Her stooped posture aptly illustrates humanity’s spiritual condition due to sin. Sin does not straighten a person up but bends him over so all he can see is the way of the world. The sinner, unable to look up into the face of God, cannot remedy his evil plight before being called (Psalm 40:12; Romans 5:6).
Her stooped condition is so severe that she has no power to straighten herself, and in this weak condition, she is thus unable to help herself. Unless Christ heals and saves, the condition will only worsen with time.
2. What is this “spirit of infirmity”? How was she loosed from it? Luke 13:11-12, 16.
Comment: The woman has a strange derangement of the nervous system, having its source in the mind rather than in the body. Her stooped condition results at least partially from psychological instability, making her depressed. Her strange malady, then, is partly physical and partly mental. Satan has had his hand in her disability to the extent that her mind is susceptible to his influence, and her body has malfunctioned, producing a severe case of an unhealthy, hunched condition.
Jesus’ words in verse 16, “whom Satan has bound,” do not mean that Satan’s involvement here is demon-possession but more like demon-oppression. Luke does not indicate that Christ exorcised a demon from her, which would have been the case had she been possessed. Satan oppresses her in a way that affects her physical body, like Paul, who describes his affliction as “the messenger of Satan to buffet me” (II Corinthians 12:7).

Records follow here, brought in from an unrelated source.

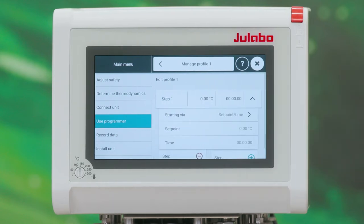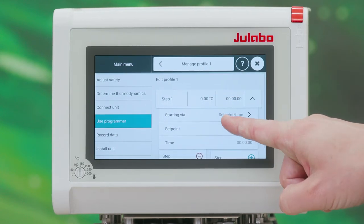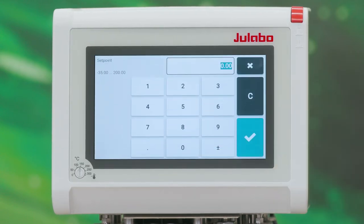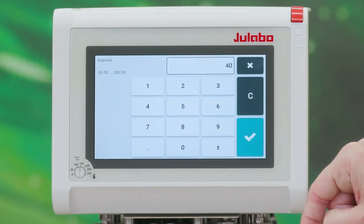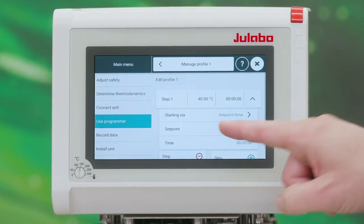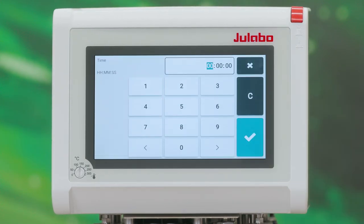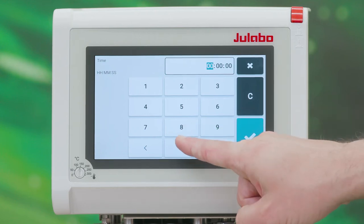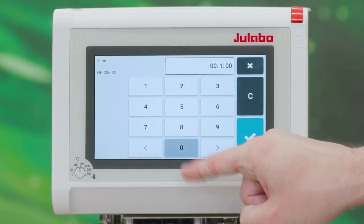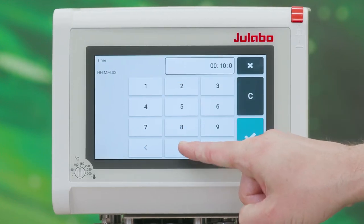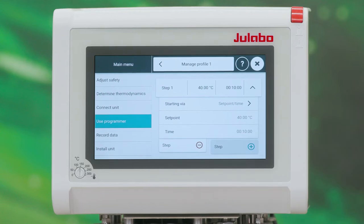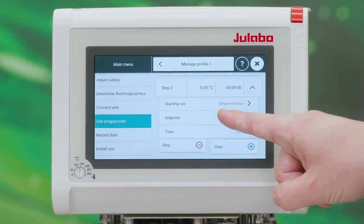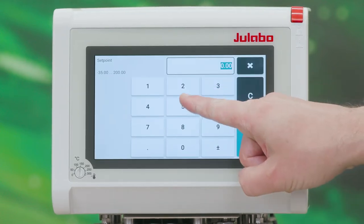For our first step we choose Setpoint Time with a setpoint of 40 degrees Celsius for 10 minutes. For our second step we choose a setpoint time of 50 degrees Celsius for 20 more minutes.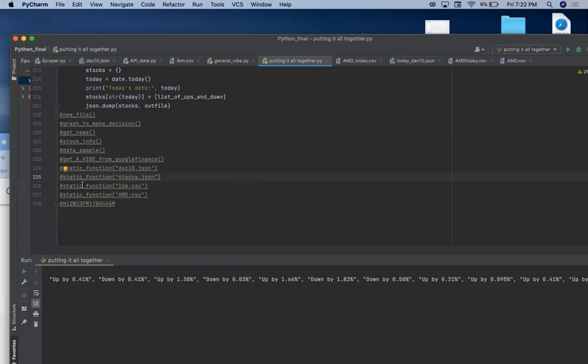So that's pretty much my project. It gives you the data from Alpha Vantage with the highest and lowest with the time. It gives you the news from Yahoo Finance. And it gives you the general vibe of whether or not the market is going up or down from Google Finance. And these data together tell you whether or not to invest for the stock that day. Thank you so much. Hope you enjoyed it. Bye-bye.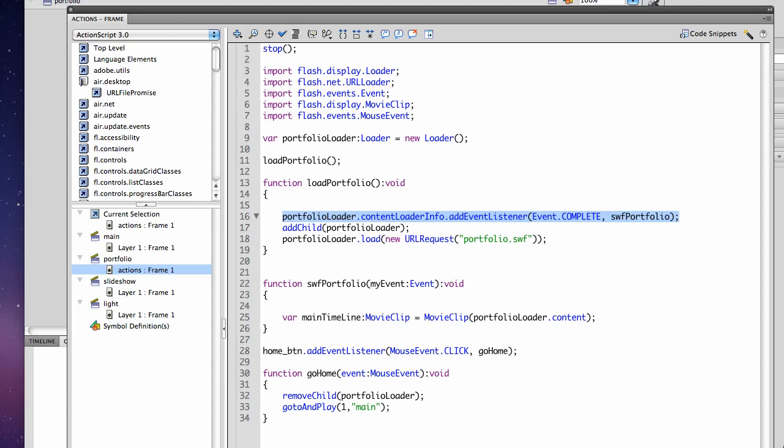Then I've added a Home button calling the GoHome function. For it to work properly I need to remove the child, the portfolio loader that I loaded or it will still be on the stage and then I go back to my main screen.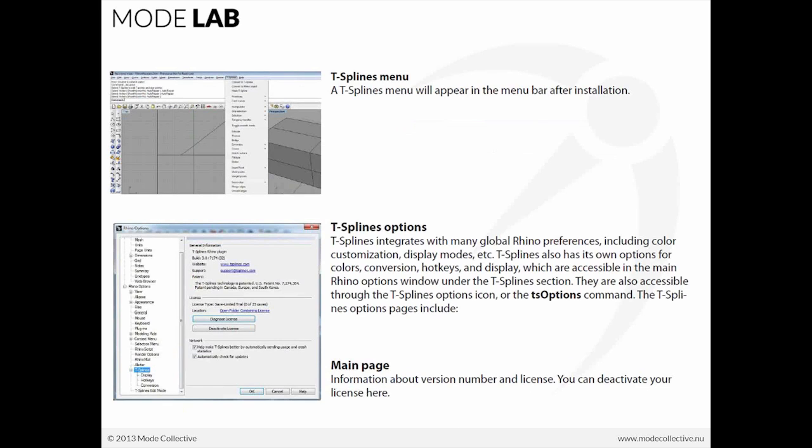And once that's installed, you'll see that you'll have in Rhino an additional T-Splines menu. That will be in the menu bar next to all the other menus that you have in Rhino.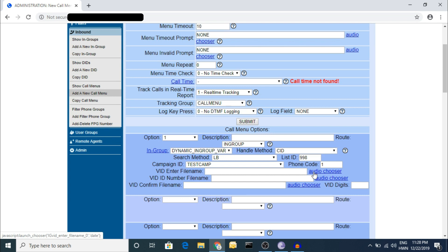When a caller enters that campaign, you can also set an audio file - for example, a welcome message like 'Welcome to the sales team.' You go to the Admin section and upload the audio in the Audio Store.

God’s people in every age—Job, for instance—have been aware of this work of Satan. “Whom Satan has bound” reminds us that Satan does not free anyone; he only enslaves. Not only does Satan bow people down, but so do sin (Psalm 38:6), sorrow (Psalm 42:5), and suffering (Psalm 44:25). Only God can set a person free. While they create the illusion that breaking God’s law liberates, sin and Satan never truly free anyone (John 8:34). In reality, evil habits grip people with terrible tenacity. Unbelievers sometimes criticize believers, saying that their church and religious convictions restrict their fun and freedom, but such an argument is the exact opposite of the truth.
3. Does the woman let her infirmity keep her from attending Sabbath services? Luke 13:10-11.
Comment: Though physically disabled and disfigured by her stooped spine, she, just like the man with the withered hand (Luke 6:6), does not allow her problem to keep her from formal worship of God on the Sabbath. Her physical condition makes it very difficult for her to go to the synagogue and sit through the service. It is also humbling for her, since people often feel awkward around those with disfigurements. She goes anyway.
Surely, she has prayed and asked God for help, yet she has not been delivered. However, God’s seemingly neglectful and unconcerned lack of intervention does not make her bitter or resentful. She attends synagogue despite the obstacles, appreciating her spiritual opportunities and cherishing the worship of God. Her dedication and faithfulness do not go unrewarded.
How many blessings do people give up when they skip going to church? Spiritually and physically, we benefit by regularly attending where we can hear God’s Word and worship Him in spirit and in truth (John 4:23-24). This woman learns that the best help she can give her body is to be first concerned about her spiritual health. Had she not been concerned enough about her spiritual needs to be in the synagogue in spite of her condition, she would never have been healed. As Jesus promises, “Seek first the kingdom of God and His righteousness, and all these things shall be added to you” (Matthew 6:33).